DARK NIGHTS AND DEEP SHADOWS

There is a line in a song that goes: ‘Do the tigers come at night and rip your house to shreds’, it seems so appropriate to describe what I call those sleepless nights that follow the busiest day but don’t bring rest. Just when you want it all to switch off, for your mind to be empty and calm, and you are slipping into the stillness of that inky place, that always precedes the darkness of sleep, the tigers will come.
Our lives are determined by rhythms and rituals, we are programmed from an early age that once settled into the comfort of our bed, sleep will come as naturally as nightfall. Sleep is healing and restorative, but it is also a respite we take for granted, and when even the brightest day seems like a dark place, we welcome the losing of the light as the night wins. Virgil wrote “It is the time when first sleep begins for weary mortals and by the gifts of the gods creeps over them most welcomely”.

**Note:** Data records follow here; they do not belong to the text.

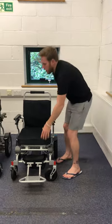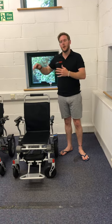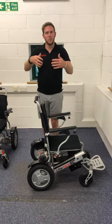I'm going to go through the folding and unfolding of the chair now. To make this chair really sleek — one of its great design features that makes it easier for lifting into the car, wheeling around, and makes it more compact — we're going to remove the cushion and put the chair on its side so you can see exactly what I'm doing.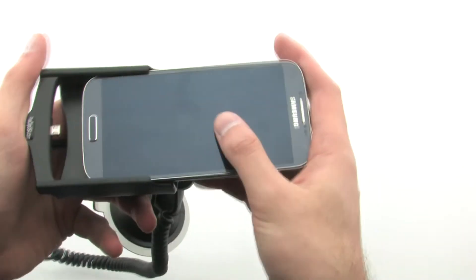The built-in charging system allows you to keep your device charged and ready to go, so it's perfectly ready when you leave the car.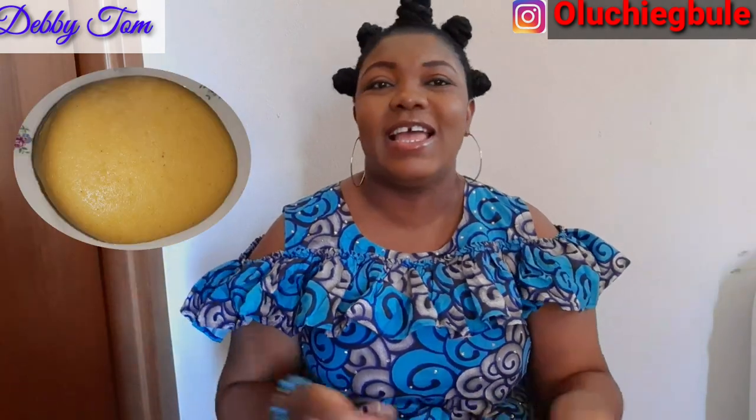Hi guys, welcome back to my channel, it's Debbie in the building as always! In today's video I'll be showing you how I made fufu with cornflour. I just thought of it one day and decided to use it to make fufu, and lucky enough guys it turned out well — it turns out so well.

Chamfort believed that ‘living is an illness to which sleep provides relief’, which seems a little extreme but for minds full of torment perhaps he wasn’t too far off the mark. For sleeplessness certainly leads to illness and generates an inability to cope, which becomes a self perpetuating cycle.
So use every means available to you to bring about that state of dreamless un-invaded sleep, and as you let go and feel your senses pass into forgetfulness, the cares of the day will silently slip away.
“A bower quiet for us, and a sleep full of sweet dreams, and health and quiet breathing”. Keats.